Your answer must be an exact copy of every record.

**** DATA PROVIDED ****

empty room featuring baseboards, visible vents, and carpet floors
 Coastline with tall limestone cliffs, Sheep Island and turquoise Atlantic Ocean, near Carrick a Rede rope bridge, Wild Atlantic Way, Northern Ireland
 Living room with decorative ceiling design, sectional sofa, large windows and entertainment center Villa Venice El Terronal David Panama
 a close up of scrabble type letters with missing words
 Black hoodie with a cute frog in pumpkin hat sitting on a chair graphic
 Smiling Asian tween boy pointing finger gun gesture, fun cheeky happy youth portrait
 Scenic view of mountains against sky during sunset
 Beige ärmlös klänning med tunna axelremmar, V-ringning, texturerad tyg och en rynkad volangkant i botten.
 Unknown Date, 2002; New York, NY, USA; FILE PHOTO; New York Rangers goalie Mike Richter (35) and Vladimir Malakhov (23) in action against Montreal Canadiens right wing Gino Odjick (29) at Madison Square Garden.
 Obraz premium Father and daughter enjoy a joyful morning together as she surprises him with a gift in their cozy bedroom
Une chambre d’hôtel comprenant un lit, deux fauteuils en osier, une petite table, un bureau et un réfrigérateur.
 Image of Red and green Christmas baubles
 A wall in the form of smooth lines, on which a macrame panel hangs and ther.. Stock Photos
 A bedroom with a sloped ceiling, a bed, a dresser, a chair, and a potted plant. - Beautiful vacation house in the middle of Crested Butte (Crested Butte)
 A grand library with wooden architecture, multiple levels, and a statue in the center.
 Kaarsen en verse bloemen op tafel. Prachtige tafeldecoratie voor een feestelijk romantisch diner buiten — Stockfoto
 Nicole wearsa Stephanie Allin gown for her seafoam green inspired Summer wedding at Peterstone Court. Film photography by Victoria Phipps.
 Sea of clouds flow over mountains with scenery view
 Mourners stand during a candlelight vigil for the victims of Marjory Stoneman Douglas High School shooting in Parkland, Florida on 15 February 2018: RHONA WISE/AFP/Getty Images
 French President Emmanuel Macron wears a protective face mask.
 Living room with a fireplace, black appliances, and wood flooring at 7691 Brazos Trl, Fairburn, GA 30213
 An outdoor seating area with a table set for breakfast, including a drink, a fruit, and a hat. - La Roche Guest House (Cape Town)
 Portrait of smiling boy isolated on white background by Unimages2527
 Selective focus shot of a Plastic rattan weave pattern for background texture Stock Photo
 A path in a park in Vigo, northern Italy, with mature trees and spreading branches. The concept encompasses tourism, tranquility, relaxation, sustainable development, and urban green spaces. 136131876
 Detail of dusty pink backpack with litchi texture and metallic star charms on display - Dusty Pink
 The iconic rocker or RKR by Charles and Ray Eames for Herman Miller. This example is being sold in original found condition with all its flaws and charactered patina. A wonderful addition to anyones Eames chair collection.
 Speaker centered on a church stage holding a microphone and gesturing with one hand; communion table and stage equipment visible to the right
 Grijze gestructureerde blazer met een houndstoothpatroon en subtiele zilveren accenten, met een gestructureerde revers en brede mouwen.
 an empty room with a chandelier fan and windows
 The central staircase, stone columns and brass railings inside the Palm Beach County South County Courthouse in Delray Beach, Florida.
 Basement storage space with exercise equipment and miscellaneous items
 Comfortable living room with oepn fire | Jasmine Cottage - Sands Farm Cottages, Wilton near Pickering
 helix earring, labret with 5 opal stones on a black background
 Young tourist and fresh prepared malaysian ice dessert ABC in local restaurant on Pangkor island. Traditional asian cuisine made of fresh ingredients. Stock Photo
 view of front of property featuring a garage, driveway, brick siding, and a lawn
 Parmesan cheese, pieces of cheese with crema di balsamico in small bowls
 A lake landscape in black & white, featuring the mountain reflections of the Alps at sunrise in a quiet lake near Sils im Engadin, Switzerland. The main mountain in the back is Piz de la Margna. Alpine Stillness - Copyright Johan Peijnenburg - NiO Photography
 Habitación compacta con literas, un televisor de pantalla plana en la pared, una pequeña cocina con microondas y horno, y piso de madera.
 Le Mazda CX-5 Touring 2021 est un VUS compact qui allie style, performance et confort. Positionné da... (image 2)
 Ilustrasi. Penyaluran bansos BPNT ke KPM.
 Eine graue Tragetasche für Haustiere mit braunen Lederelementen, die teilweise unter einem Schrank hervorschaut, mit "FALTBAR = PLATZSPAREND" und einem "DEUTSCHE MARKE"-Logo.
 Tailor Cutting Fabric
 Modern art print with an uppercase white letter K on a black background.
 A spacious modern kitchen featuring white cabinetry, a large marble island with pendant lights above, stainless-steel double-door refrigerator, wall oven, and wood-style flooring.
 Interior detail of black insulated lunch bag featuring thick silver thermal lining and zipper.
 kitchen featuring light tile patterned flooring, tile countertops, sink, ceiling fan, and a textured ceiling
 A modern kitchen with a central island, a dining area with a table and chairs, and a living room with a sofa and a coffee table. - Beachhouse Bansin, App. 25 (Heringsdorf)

****

◆ SOLVED EXERCISE:
empty room featuring baseboards, visible vents, and carpet floors
 Coastline with tall limestone cliffs, Sheep Island and turquoise Atlantic Ocean, near Carrick a Rede rope bridge, Wild Atlantic Way, Northern Ireland
 Living room with decorative ceiling design, sectional sofa, large windows and entertainment center Villa Venice El Terronal David Panama
 a close up of scrabble type letters with missing words
 Black hoodie with a cute frog in pumpkin hat sitting on a chair graphic
 Smiling Asian tween boy pointing finger gun gesture, fun cheeky happy youth portrait
 Scenic view of mountains against sky during sunset
 Beige ärmlös klänning med tunna axelremmar, V-ringning, texturerad tyg och en rynkad volangkant i botten.
 Unknown Date, 2002; New York, NY, USA; FILE PHOTO; New York Rangers goalie Mike Richter (35) and Vladimir Malakhov (23) in action against Montreal Canadiens right wing Gino Odjick (29) at Madison Square Garden.
 Obraz premium Father and daughter enjoy a joyful morning together as she surprises him with a gift in their cozy bedroom
Une chambre d’hôtel comprenant un lit, deux fauteuils en osier, une petite table, un bureau et un réfrigérateur.
 Image of Red and green Christmas baubles
 A wall in the form of smooth lines, on which a macrame panel hangs and ther.. Stock Photos
 A bedroom with a sloped ceiling, a bed, a dresser, a chair, and a potted plant. - Beautiful vacation house in the middle of Crested Butte (Crested Butte)
 A grand library with wooden architecture, multiple levels, and a statue in the center.
 Kaarsen en verse bloemen op tafel. Prachtige tafeldecoratie voor een feestelijk romantisch diner buiten — Stockfoto
 Nicole wearsa Stephanie Allin gown for her seafoam green inspired Summer wedding at Peterstone Court. Film photography by Victoria Phipps.
 Sea of clouds flow over mountains with scenery view
 Mourners stand during a candlelight vigil for the victims of Marjory Stoneman Douglas High School shooting in Parkland, Florida on 15 February 2018: RHONA WISE/AFP/Getty Images
 French President Emmanuel Macron wears a protective face mask.
 Living room with a fireplace, black appliances, and wood flooring at 7691 Brazos Trl, Fairburn, GA 30213
 An outdoor seating area with a table set for breakfast, including a drink, a fruit, and a hat. - La Roche Guest House (Cape Town)
 Portrait of smiling boy isolated on white background by Unimages2527
 Selective focus shot of a Plastic rattan weave pattern for background texture Stock Photo
 A path in a park in Vigo, northern Italy, with mature trees and spreading branches. The concept encompasses tourism, tranquility, relaxation, sustainable development, and urban green spaces. 136131876
 Detail of dusty pink backpack with litchi texture and metallic star charms on display - Dusty Pink
 The iconic rocker or RKR by Charles and Ray Eames for Herman Miller. This example is being sold in original found condition with all its flaws and charactered patina. A wonderful addition to anyones Eames chair collection.
 Speaker centered on a church stage holding a microphone and gesturing with one hand; communion table and stage equipment visible to the right
 Grijze gestructureerde blazer met een houndstoothpatroon en subtiele zilveren accenten, met een gestructureerde revers en brede mouwen.
 an empty room with a chandelier fan and windows
 The central staircase, stone columns and brass railings inside the Palm Beach County South County Courthouse in Delray Beach, Florida.
 Basement storage space with exercise equipment and miscellaneous items
 Comfortable living room with oepn fire | Jasmine Cottage - Sands Farm Cottages, Wilton near Pickering
 helix earring, labret with 5 opal stones on a black background
 Young tourist and fresh prepared malaysian ice dessert ABC in local restaurant on Pangkor island. Traditional asian cuisine made of fresh ingredients. Stock Photo
 view of front of property featuring a garage, driveway, brick siding, and a lawn
 Parmesan cheese, pieces of cheese with crema di balsamico in small bowls
 A lake landscape in black & white, featuring the mountain reflections of the Alps at sunrise in a quiet lake near Sils im Engadin, Switzerland. The main mountain in the back is Piz de la Margna. Alpine Stillness - Copyright Johan Peijnenburg - NiO Photography
 Habitación compacta con literas, un televisor de pantalla plana en la pared, una pequeña cocina con microondas y horno, y piso de madera.
 Le Mazda CX-5 Touring 2021 est un VUS compact qui allie style, performance et confort. Positionné da... (image 2)
 Ilustrasi. Penyaluran bansos BPNT ke KPM.
 Eine graue Tragetasche für Haustiere mit braunen Lederelementen, die teilweise unter einem Schrank hervorschaut, mit "FALTBAR = PLATZSPAREND" und einem "DEUTSCHE MARKE"-Logo.
 Tailor Cutting Fabric
 Modern art print with an uppercase white letter K on a black background.
 A spacious modern kitchen featuring white cabinetry, a large marble island with pendant lights above, stainless-steel double-door refrigerator, wall oven, and wood-style flooring.
 Interior detail of black insulated lunch bag featuring thick silver thermal lining and zipper.
 kitchen featuring light tile patterned flooring, tile countertops, sink, ceiling fan, and a textured ceiling
 A modern kitchen with a central island, a dining area with a table and chairs, and a living room with a sofa and a coffee table. - Beachhouse Bansin, App. 25 (Heringsdorf)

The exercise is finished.